Problem details: When you copy the material below, keep every line exact and drop the pictures.

Data:
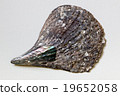 Big old sheashell 19652058
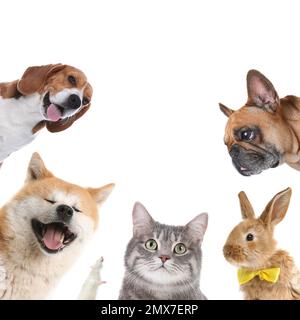 Set mit verschiedenen niedlichen Haustieren auf weißem Hintergrund Stockfoto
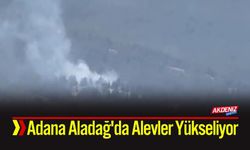 Adana Aladağ'da Alevler Yükseliyor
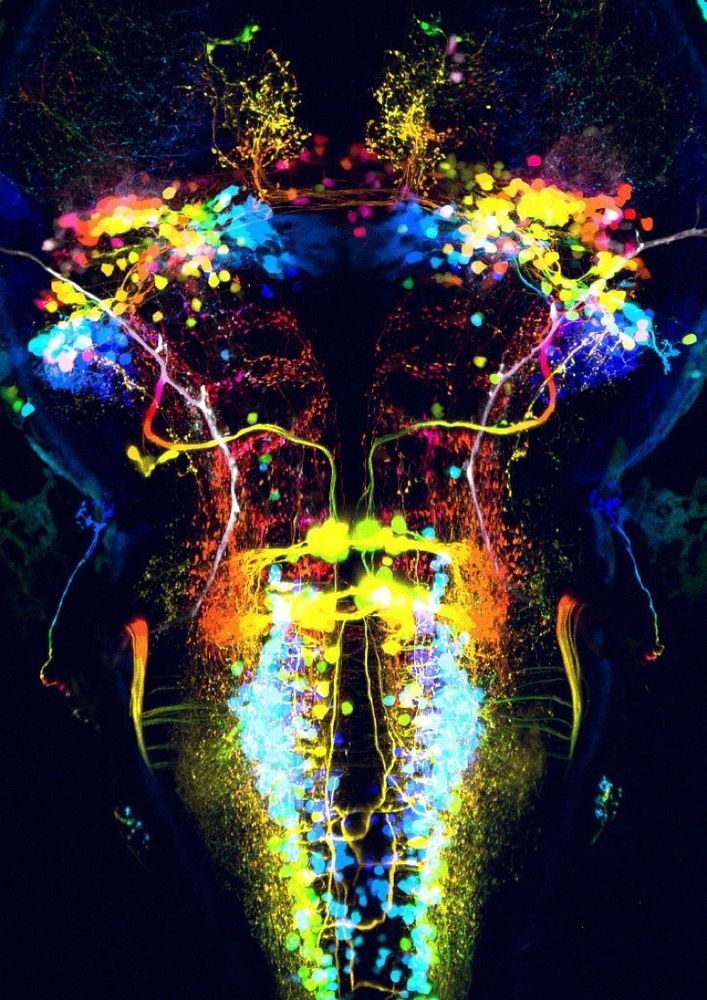 Top view of a larval zebrafish brain. Anterior pointing up. 3D projection that has been flattened. Pseudo-colored for depth.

Response:
 Big old sheashell 19652058
 Set mit verschiedenen niedlichen Haustieren auf weißem Hintergrund Stockfoto
 Adana Aladağ'da Alevler Yükseliyor
 Top view of a larval zebrafish brain. Anterior pointing up. 3D projection that has been flattened. Pseudo-colored for depth.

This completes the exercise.